Van Der Graaf Generator


Eclectic Prog

4.43 | 2468 ratings

From, the ultimate progressive rock music website

4 stars Wow what a controversial album. Maybe not as well known as the controversy surrounding Tales from Topographic Ocean but still quite tumultuous. Some people say this album is a masterpiece, the defining statement by VDGG and an album they never topped. Some, including George Starostin and even the prog friend John McFerrin say it's Faulknerian (sound and fury, signifying nothing). Does the truth lie in the middle?

Probably. This was the first album I heard by VDGG and it really defined what they sounded like to me. I didn't hear another album for awhile after this one. It is a really terrifying and frightening album to contemplate if you aren't predisposed towards Hammill's mania. After listening to H to the He I thought I GOT VDGG, so I came back to it. Then, I would have given it a three stars and been fine. Having heard everything and grown to love most of it, I can give it a firm four stars.

How does one even begin with this album? All sense of pop or pop song craft goes out the window. Hammill has never been one to dabble in really strong, classic pop formats but here it almost feels like complete musical anarchy. Instruments float in and out of the music, riffs coalesce briefly, disappear, Hammill screams complex gibberish, the drums pound, the saxes honk, organs drown and suddenly all is quiet as the piano plays a brief dirge, the saxophone is processed, the organ choppy, the drums roll, Hammill screams some all floats in and out of the consciousness, nearly like a dream.

I am overstating for effect. There is obvious forms to these songs but they are really stretched out and really difficult to memorize. Man Erg actually has a pretty simple form: the first piano led part builds and builds to the wild saxophone section and comes back to pretty piano. However, melodies, riffs, lyrics, arrangements and sound effects change rapidly throughout the album. If you hate pop, this is the album for you. It's incredible that this album came out the same year as Nursery Cryme or Meddle. While I think Nursery Cryme is better than this, it's certainly many leagues less musically complex than this album, for better or worse.
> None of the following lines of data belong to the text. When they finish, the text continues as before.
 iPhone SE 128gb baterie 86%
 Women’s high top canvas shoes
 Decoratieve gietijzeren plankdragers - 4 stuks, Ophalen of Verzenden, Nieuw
The lyrics are essentially meaningless but that is okay. It is probably the most uncompromising prog album by progs most uncompromising band. Of course it's a tad terrifying!

This is a really confused and confusing review, which befits a confused and confusing album. Naturally, the atmosphere on this album is incredible: it beats down on the listener and sucks them into a very schizophrenic and claustrophobic world view. I have the remastered version with the bonus tracks but I can't listen to them. They're good but once I've been trapped in Pawn Hearts, drowning with the "ONE MORE HAGGARD DROWN MAN" I feel I have to escape. Essentially, this is an album that dares you to like it and comes to no middle ground. You must make the effort to be entranced as it certainly isn't going to try to convince you to like it.

And even though it's definitely mostly gigantic nonsense and completely anarchistic, it is an incredibly daring album, especially given the time. It is definitely the definitive album for VDGG in the sense that they never went this far out, epic or uncompromised again. It gets four stars because it's not something everybody could love which is important for a masterpiece: it must be complex, innovative but also enjoyable by a large amount of people.